PROYECTO DE LEY DEL SENADOR ANTILLE Y OTROS SENADORES
El Senado y Cámara de Diputados, etc.
Artículo 1 -
Autorízase al Poder Ejecutivo Nacional a erigir una estatua que perpetúe la
memoria del eminente demócrata Hipólito Yrigoyen y juntamente un mausoleo que
guarde sus restos mortales. Su emplazamiento se efectuará en el punto céntrico
de la avenida Nueve de Julio, en el lugar que hoy ocupa el obelisco de este
paseo.
Artículo 2 - La
estatua llevará las siguientes inscripciones, en sus cuatro costados de la
base, para enseñanza de las generaciones argentinas: frente Norte: La Nación
Argentina, parte integrante del mundo, nacida a la existencia con tantos justos
títulos como cada una de las demás, no está con nadie contra nadie, sino con
todas para el bien de todos; frente Sur: La gratitud de la Nación Argentina a
Hipólito Yrigoyen; frente Este: La democracia no consiste sólo en la garantía
de la libertad política, entraña a la vez la posibilidad para todos de poder
alcanzar un mínimo de bienestar siquiera; frente Oeste: Nació en Buenos Aires
el 13 de julio de 1852, y falleció el 3 de julio de 1933. Donó sus sueldos de
profesor y de presidente de la República para "mitigar el infortunio de
los desvalidos y la pobreza sin amparo".
Artículo 3 - El
Poder Ejecutivo dispondrá que el acto público inaugural del monumento se
efectúe en un aniversario del nacimiento del ilustre ciudadano, ordenando las
ceremonias y honores civiles y militares que correspondan.
Artículo 4 - La
estatua y mausoleo se costearán por colecta pública y con los fondos que
oportunamente autorice el Congreso para contribuir al homenaje.
Artículo 5 - El
Poder Ejecutivo llamará a concurso de proyectos para la estatua y mausoleo,
dentro de los noventa días de promulgada la presente ley, destinando la suma
que para premio del mejor proyecto sea costumbre disponer en estos casos.
Artículo 6 -
Autorízase a la Municipalidad de la Ciudad de Buenos Aires a designar con el
nombre de "Hipólito Yrigoyen" la avenida Colón de la Capital, en
homenaje al esclarecido ciudadano argentino.

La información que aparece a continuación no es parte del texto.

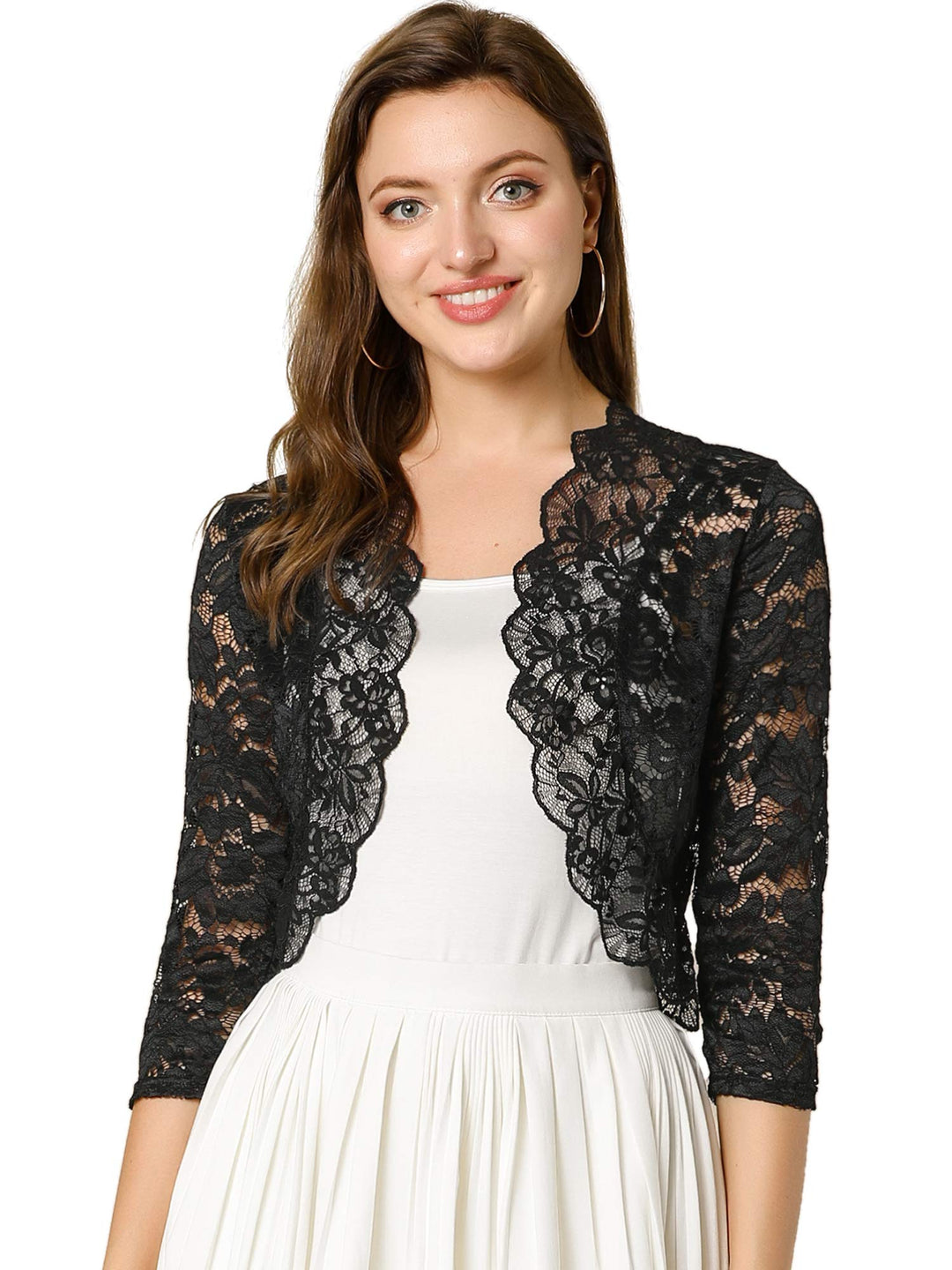 Allegra K Elegantes Damen-Oberteil mit 3/4-Ärmeln, durchscheinend, florales Spitzenoberteil S Schwar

Firmantes: Armando G. Antille - Gilberto Sosa Loyola -
Alberto Durand Juan Carlos Basaldúa - Felipe Gómez del Junco - Diego Luis
Molinari - Francisco R. Luco - Samuel Gómez Henríquez Ernesto F. Bavio -
Alfredo Busquet - Oscar Tascheret - Vicente Leónides Saadi - Lorenzo Soler -
Miguel A. Tanco - Alejandro Mathus Hoyos.

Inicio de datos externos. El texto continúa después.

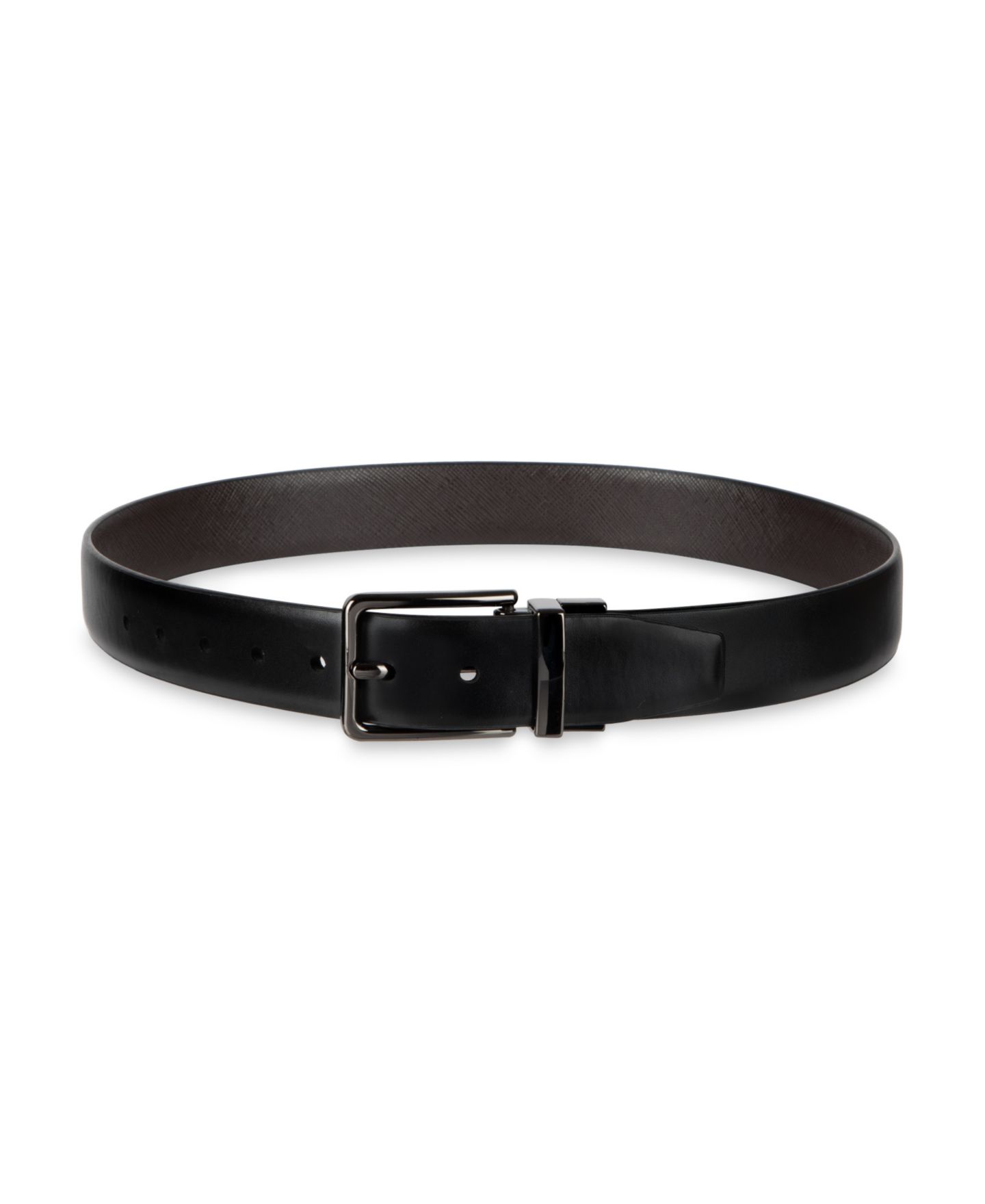 Ремень Calvin Klein Two-In-One Reversible Smooth-To-Saffiano Dress Belt для мальчиков, цвет: Чёрный / Коричневый — фото 4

El Senador Nacional Dr. Armando Antille en su época de Interventor en la Universidad Nacional de El Litoral. |
Fuente: "Monumento a la memoria del ex Presidente
Yrigoyen" Proyecto de Ley del señor Senador Dr. Armando G. Antille y
otros, 4° REUNION - 3 SESION ORDINARIA Cámara de Senadores de la Nación Argentina, 3 de julio de 1946.